We first load the fMRI responses.

import os
import numpy as np
from voxelwise_tutorials.io import load_hdf5_array

file_name = os.path.join(directory, "responses", f"{subject}_responses.hdf")
Y_train = load_hdf5_array(file_name, key="Y_train")
Y_test = load_hdf5_array(file_name, key="Y_test")

print("(n_samples_train, n_voxels) =", Y_train.shape)
print("(n_repeats, n_samples_test, n_voxels) =", Y_test.shape)
(n_samples_train, n_voxels) = (3600, 84038)
(n_repeats, n_samples_test, n_voxels) = (10, 270, 84038)

We average the test repeats, to remove the non-repeatable part of fMRI responses.

Y_test = Y_test.mean(0)

print("(n_samples_test, n_voxels) =", Y_test.shape)
(n_samples_test, n_voxels) = (270, 84038)

We fill potential NaN (not-a-number) values with zeros.

Y_train = np.nan_to_num(Y_train)
Y_test = np.nan_to_num(Y_test)

Then, we load the semantic “wordnet” features.

feature_space = "wordnet"

file_name = os.path.join(directory, "features", f"{feature_space}.hdf")
X_train = load_hdf5_array(file_name, key="X_train")
X_test = load_hdf5_array(file_name, key="X_test")

print("(n_samples_train, n_features) =", X_train.shape)
print("(n_samples_test, n_features) =", X_test.shape)
(n_samples_train, n_features) = (3600, 1705)
(n_samples_test, n_features) = (270, 1705)
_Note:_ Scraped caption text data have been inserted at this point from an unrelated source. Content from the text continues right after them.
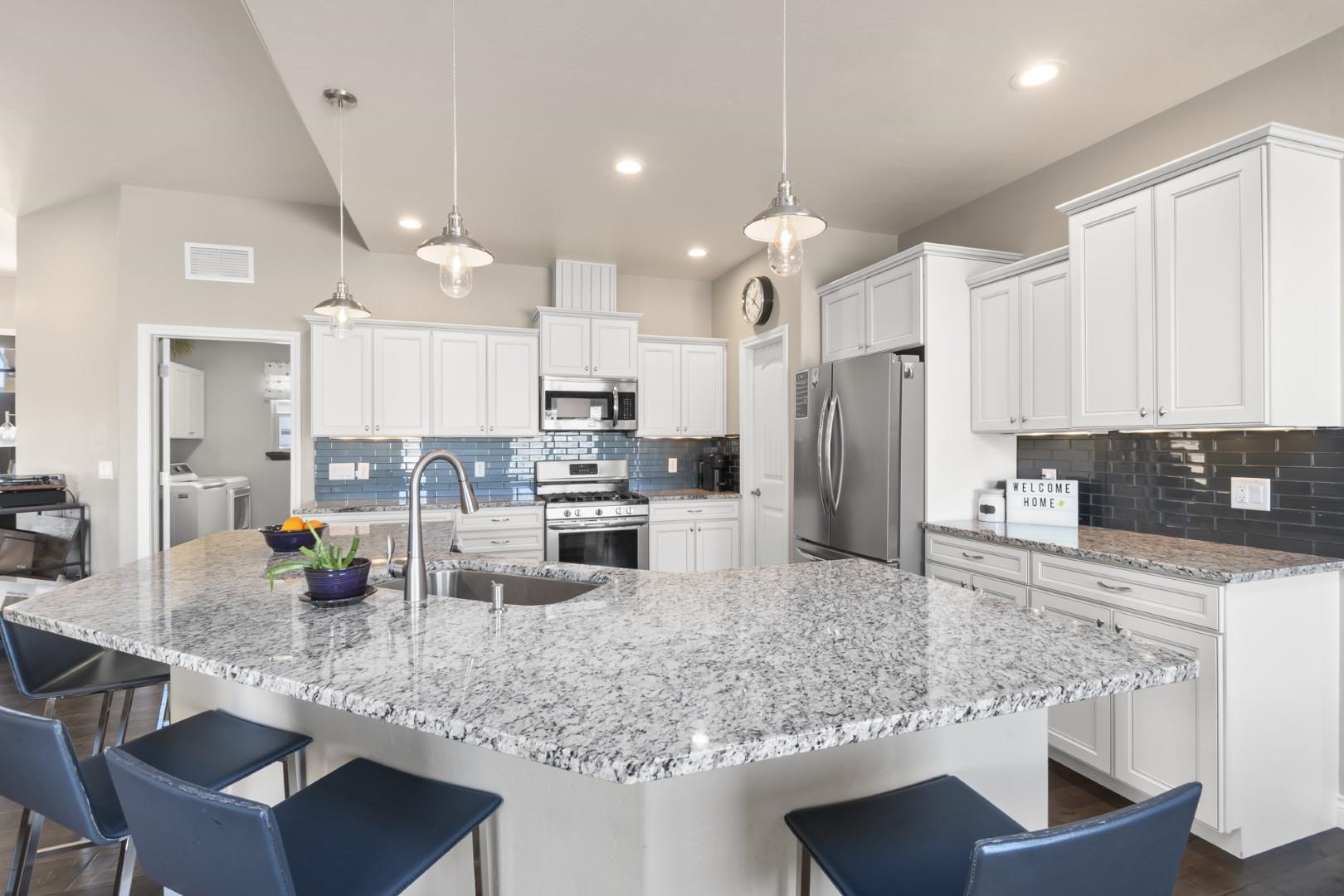 744 Ruby Ranch Drive Grand Junction, CO 81505 - Photo 6 of 33 a kitchen with stainless steel appliances granite countertop a sink refrigerator and cabinets
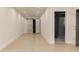 Hallway with wood floors, sliding barn door and access to the ensuite bathroom with glass shower at 3258 Bransley Way, Duluth, GA 30097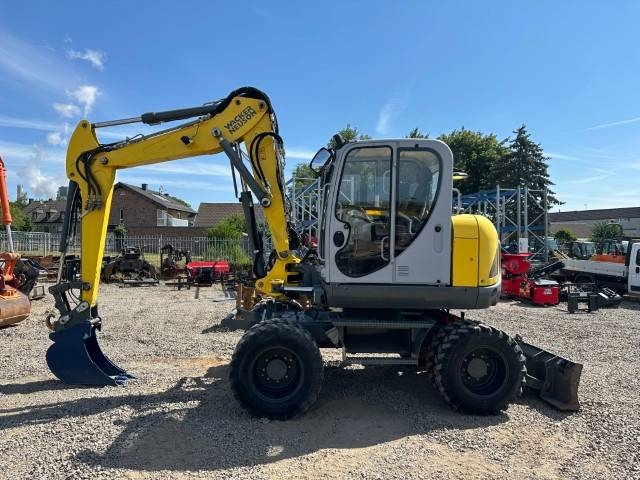 Pelle sur pneus Wacker Neuson EW 100 / AC/ 49.000 EUR — occasion 2019, 4 676 h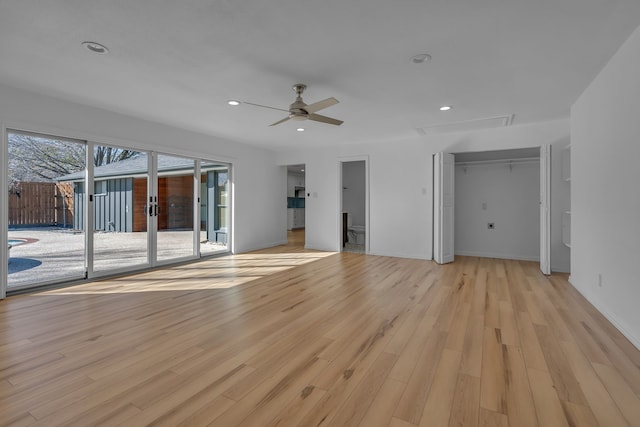 interior space with access to exterior, light wood-type flooring, a closet, and ceiling fan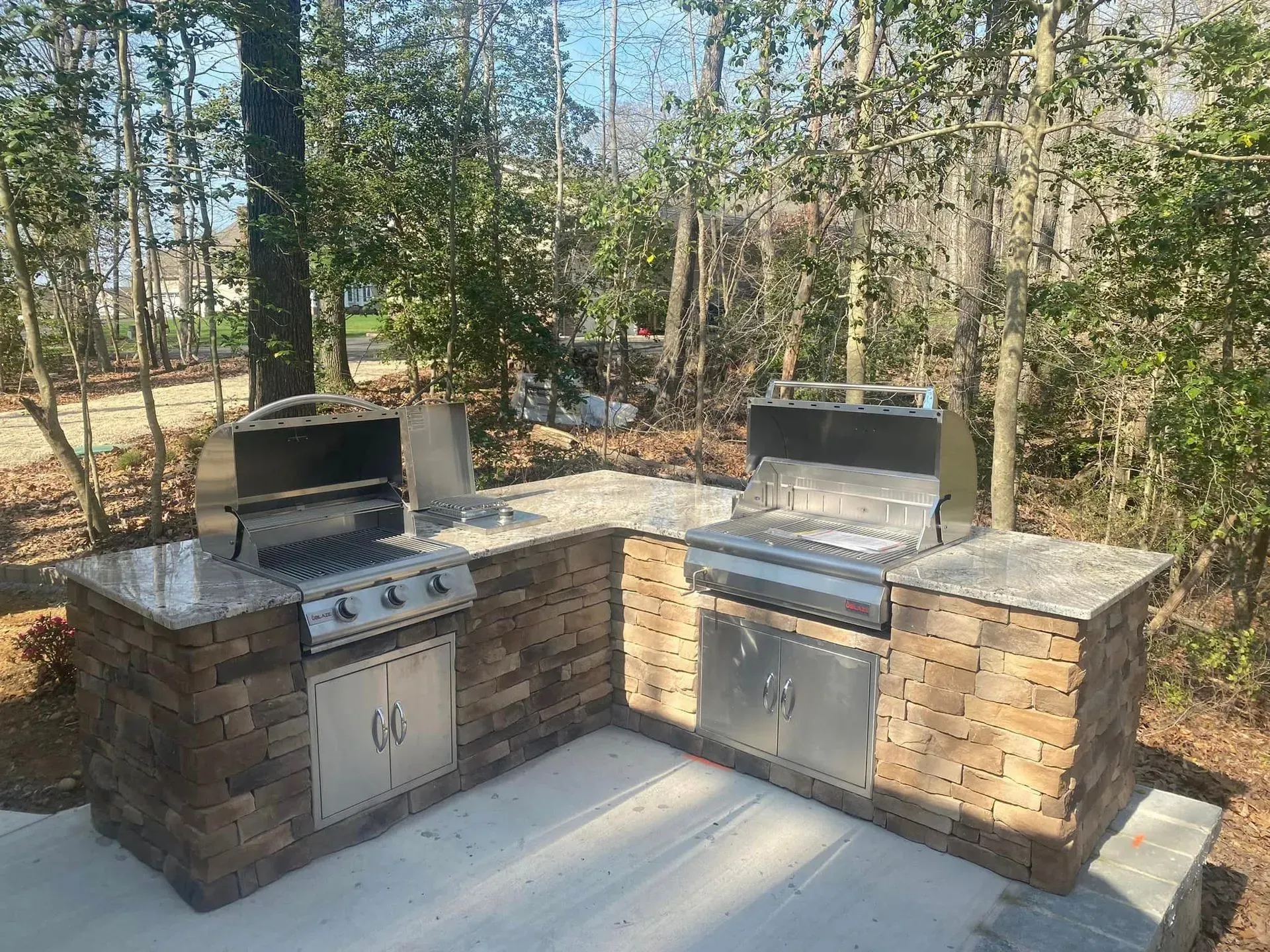 Outdoor stone barbecue kitchen with two stainless steel grills on a patio in a wooded yard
Define the cross-validation scheme

We define the same leave-one-run-out cross-validation split as in the previous example.

from sklearn.model_selection import check_cv
from voxelwise_tutorials.utils import generate_leave_one_run_out

# indice of first sample of each run
run_onsets = load_hdf5_array(file_name, key="run_onsets")
print(run_onsets)
[   0  300  600  900 1200 1500 1800 2100 2400 2700 3000 3300]

We define a cross-validation splitter, compatible with scikit-learn API.

n_samples_train = X_train.shape[0]
cv = generate_leave_one_run_out(n_samples_train, run_onsets)
cv = check_cv(cv)  # copy the cross-validation splitter into a reusable list

Define the model

We define the same model as in the previous example. See the previous example for more details about the model definition.

from sklearn.pipeline import make_pipeline
from sklearn.preprocessing import StandardScaler
from voxelwise_tutorials.delayer import Delayer
from himalaya.kernel_ridge import KernelRidgeCV
from himalaya.ridge import RidgeCV
from himalaya.backend import set_backend

backend = set_backend("torch_cuda", on_error="warn")

X_train = X_train.astype("float32")
X_test = X_test.astype("float32")

alphas = np.logspace(1, 20, 20)

pipeline = make_pipeline(
    StandardScaler(with_mean=True, with_std=False),
    Delayer(delays=[1, 2, 3, 4]),
    KernelRidgeCV(
        alphas=alphas, cv=cv,
        solver_params=dict(n_targets_batch=500, n_alphas_batch=5,
                           n_targets_batch_refit=100)),
)
from sklearn import set_config

set_config(display='diagram')  # requires scikit-learn 0.23
pipeline
Pipeline(steps=[('standardscaler', StandardScaler(with_std=False)),
                ('delayer', Delayer(delays=[1, 2, 3, 4])),
                ('kernelridgecv',
                 KernelRidgeCV(alphas=array([1.e+01, 1.e+02, 1.e+03, 1.e+04, 1.e+05, 1.e+06, 1.e+07, 1.e+08,
       1.e+09, 1.e+10, 1.e+11, 1.e+12, 1.e+13, 1.e+14, 1.e+15, 1.e+16,
       1.e+17, 1.e+18, 1.e+19, 1.e+20]),
                               cv=_CVIterableWrapper(cv=[(array([   0,    1, ..., 3598, 3599]), array...9])), (array([   0,    1, ..., 3598, 3599]), array([3000, 3001, ..., 3298, 3299])), (array([   0,    1, ..., 3598, 3599]), array([1500, 1501, ..., 1798, 1799])), (array([   0,    1, ..., 3598, 3599]), array([2700, 2701, ...,...601, ..., 898, 899])), (array([   0,    1, ..., 3598, 3599]), array([ 900,  901, ..., 1198, 1199]))]),
                               solver_params={'n_alphas_batch': 5,
                                              'n_targets_batch': 500,
                                              'n_targets_batch_refit': 100}))])
In a Jupyter environment, please rerun this cell to show the HTML representation or trust the notebook.
On GitHub, the HTML representation is unable to render, please try loading this page with nbviewer.org.


Fit the model

We fit on the train set, and score on the test set.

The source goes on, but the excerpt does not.